ImmutableTreeSet Internal Change

Changed: T[] delegate โ†’ MutableList<T> delegate

Rationale:

  • Uses FastList.newListWith(array) which wraps the array without copying
  • Trade-off: +4 bytes (1 reference) per instance vs reimplementing all RichIterable/OrderedIterable operations
  • Enables structural sharing: subSet(), headSet(), tailSet(), and descendingSet() return views that share the underlying structure, following NavigableSet semantics and matching AbstractImmutableList behavior

Would appreciate maintainer feedback on this approach

Structural Sharing

  • Important: ImmutableTreeSet now uses structural sharing for subset operations (like NavigableSet.subSet() and AbstractImmutableList)
  • Views share the underlying MutableList rather than copying data
  • This follows the NavigableSet spec and is consistent with other Eclipse Collections immutable implementations (e.g. AbstractImmutableList.subList())
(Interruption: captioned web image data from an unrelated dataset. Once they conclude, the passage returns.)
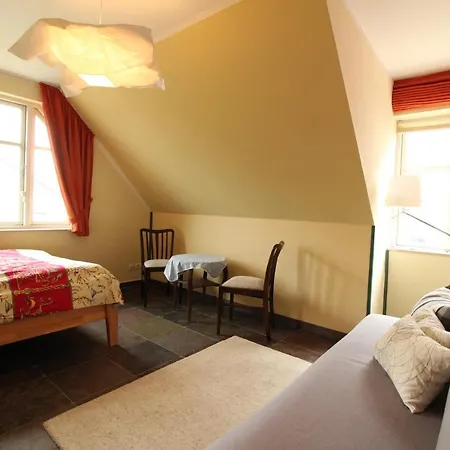 Ferienhaus Gruene Idylle * Bergen Auf Rugen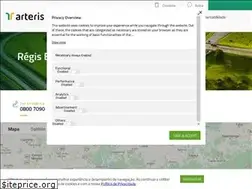 Sites similar to autopistaregis.com.br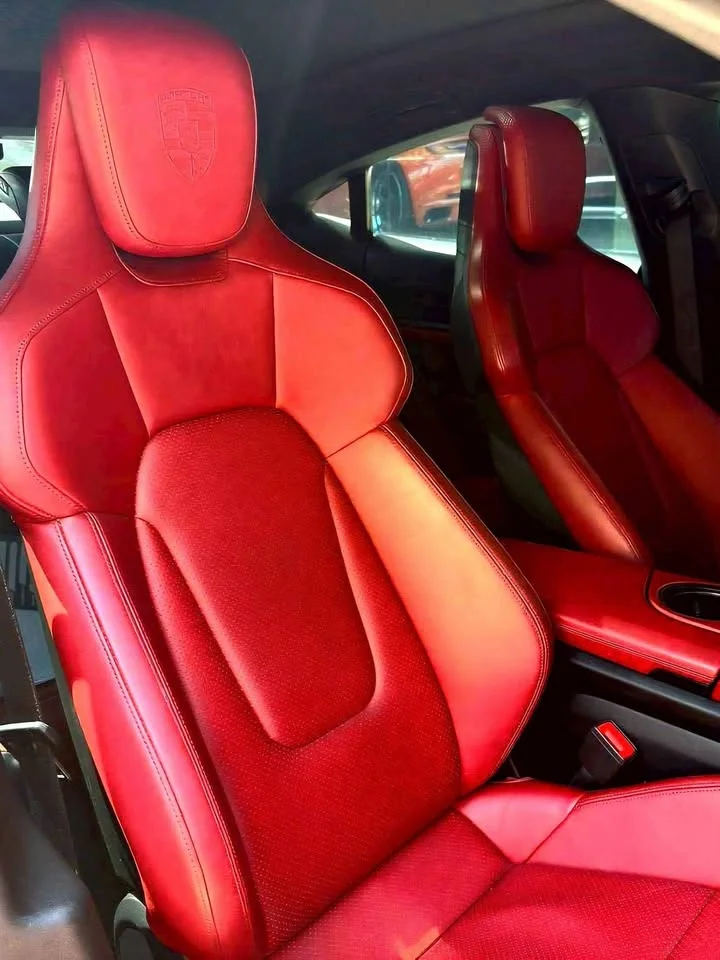 2021 Porsche Taycan 9J1 3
ReversedList Implementation Choice

Current Approach:

  • Private static ReversedList class in ImmutableTreeSet extending UnmodifiableMutableList
  • Localized implementation specific to ImmutableTreeSet needs

Alternative Considered - Global Implementation:

  • Could have implemented a global FastList.ReverseFastList implements MutableList, ReversibleIterable
  • Pros:
    • Would enable code reuse (e.g., for future NavigableMap support on SortedMapIterable)
    • Could directly share the underlying array with the original FastList (saving 1 reference vs current approach)
  • Cons: Requires larger refactoring
    • Currently ReversibleIterable.asReversed() returns LazyIterable, not RichIterable
    • Would need to implement ReverseIterable, and thus LazyIterable, to match AbstractMutableList.asReversed()

Decision: Chose the localized approach to minimize scope of changes while keeping the door open for future refactoring if NavigableMap support is added.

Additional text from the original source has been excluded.